BILATERAL MEETING. Japanese Foreign Minister Fumio Kishida (L) shakes hands with South Korean counterpart Yun Byung-Se (R) prior to their meeting at the Ministry of Foreign Affairs in Seoul, South Korea, March 21, 2015. Song Kyung-Seok/Pool/EPA

TOKYO, Japan (UPDATED) – South Korea and Japan have agreed to work towards holding a joint leaders’ summit, their foreign ministers said after meeting in Tokyo Sunday, June 21, despite current strains over history and territory.

South Korean Foreign Minister Yun Byung-Se was on his first official visit to Tokyo to mark 50 years of diplomatic relations and hold talks with his Japanese counterpart Fumio Kishida.

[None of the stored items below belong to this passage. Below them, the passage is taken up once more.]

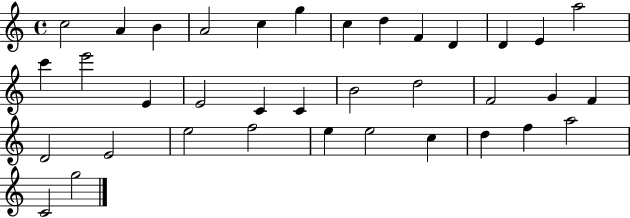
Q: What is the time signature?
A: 4/4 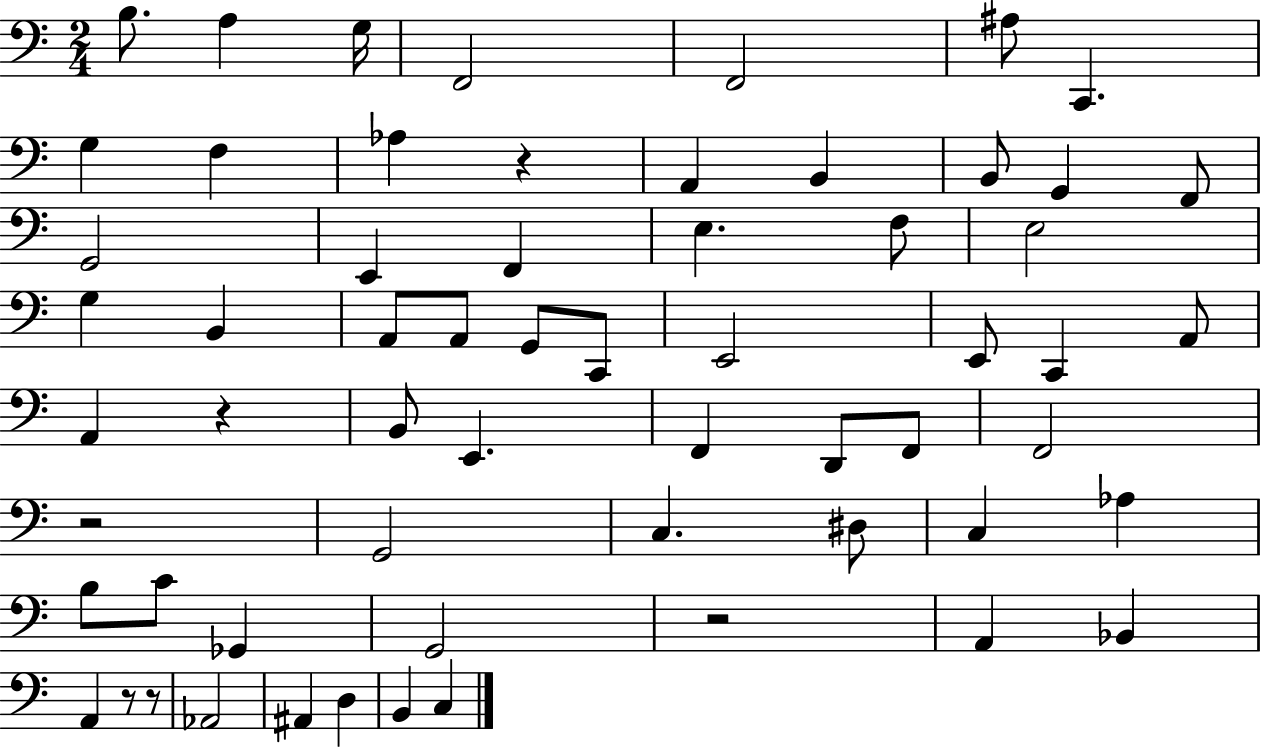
{
  \clef bass
  \numericTimeSignature
  \time 2/4
  \key c \major
  b8. a4 g16 | f,2 | f,2 | ais8 c,4. | \break g4 f4 | aes4 r4 | a,4 b,4 | b,8 g,4 f,8 | \break g,2 | e,4 f,4 | e4. f8 | e2 | \break g4 b,4 | a,8 a,8 g,8 c,8 | e,2 | e,8 c,4 a,8 | \break a,4 r4 | b,8 e,4. | f,4 d,8 f,8 | f,2 | \break r2 | g,2 | c4. dis8 | c4 aes4 | \break b8 c'8 ges,4 | g,2 | r2 | a,4 bes,4 | \break a,4 r8 r8 | aes,2 | ais,4 d4 | b,4 c4 | \break \bar "|."
} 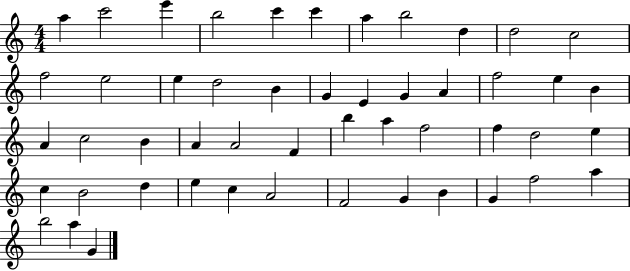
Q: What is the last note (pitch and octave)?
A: G4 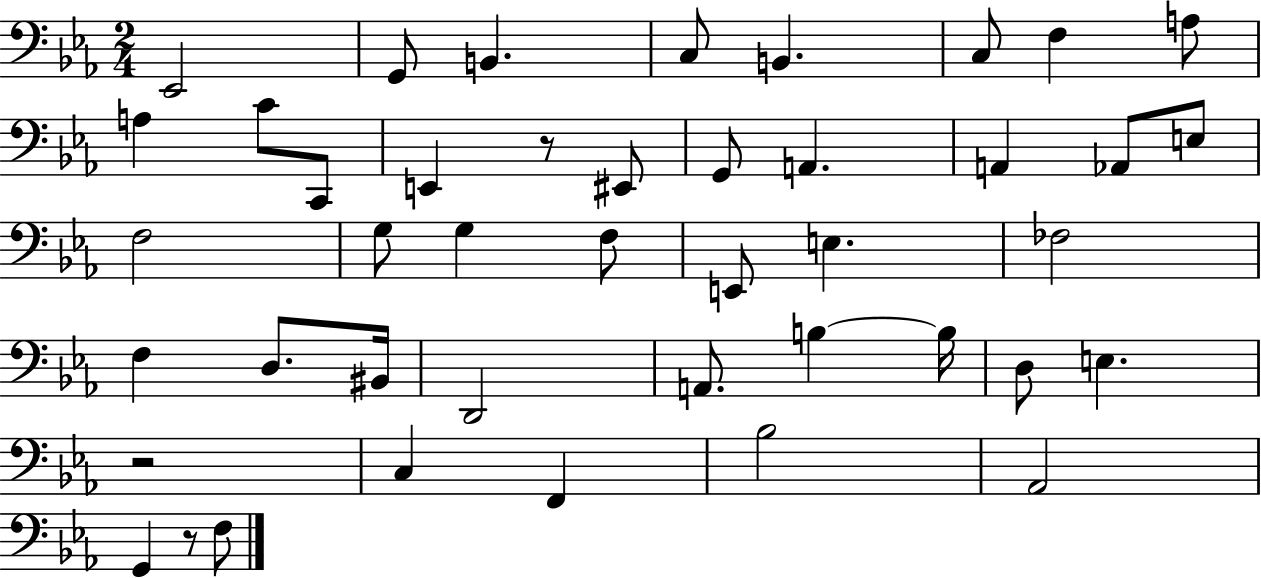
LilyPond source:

During the meeting, the two agreed to strive for a summit between the two nations “at an appropriate time,” a Japanese foreign official said.

Dialogue between South Korea and Japan would continue despite the fact that “difficult problems exist between the two countries”, Kishida told reporters after the talks.

“It was a meaningful meeting,” he added.

On Monday, Japanese Prime Minister Shinzo Abe will attend a ceremony with Yun in Tokyo to celebrate half a century since relations between the countries were normalized.

South Korean President Park Geun-Hye will attend a similar ceremony in Seoul, according to local media.

Park has previously maintained there can be no meeting between them until Japan makes amends for its wartime system of sex slavery, which saw as many as 200,000 mostly South Korean “comfort women” forced into servitude for Japan’s Imperial military.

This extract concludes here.